A rough rate of increase in urban Florida is 3x in 10-12 years, not two years.
Look at Miami-Dade County as of December 2021, a 12% year to year growth rate.
https://www.google.com/search?q=growth+rate+florida+real+estate&oq=growth+rate+florida+real+estate&aqs=chrome..69i57j33i299l2j33i22i29i30.6498j0j7&sourceid=chrome&ie=UTF-8
Here's one from March 2022: "Single-family home prices in Florida are up 17.7% as of October 2021"
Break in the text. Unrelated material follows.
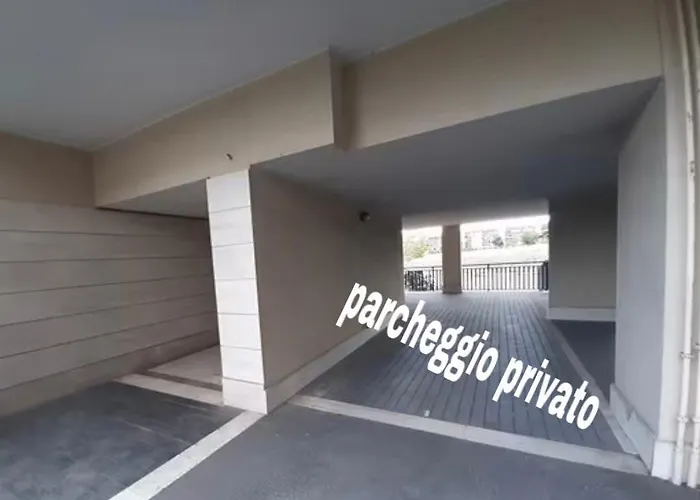 Del Parco Lunghezza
Tampa's rate was highest in the state at 29.4% in 2021. Overall, it was 18.8% according to this article, the highest growth in decades. So, it's growing fast but you're greatly, greatly exaggerating. And if the economy were not itself growing very rapidly (jobs rose 390,000 in May, something like the 13 straight month at that level or higher) and jobs plentiful (unemployment nationwide is 3.6%, only a tenth above the lowest rates in 50 years+), and people flooding into the state of Florida--driving up demand--you would have a much better argument. The Great Recession was preceded by a speculative bubble tied closely to trading in collateralized debt obligations and there was no rapid economic growth and job growth to back it all up. This time is different--which is not to say that there isn't some craziness.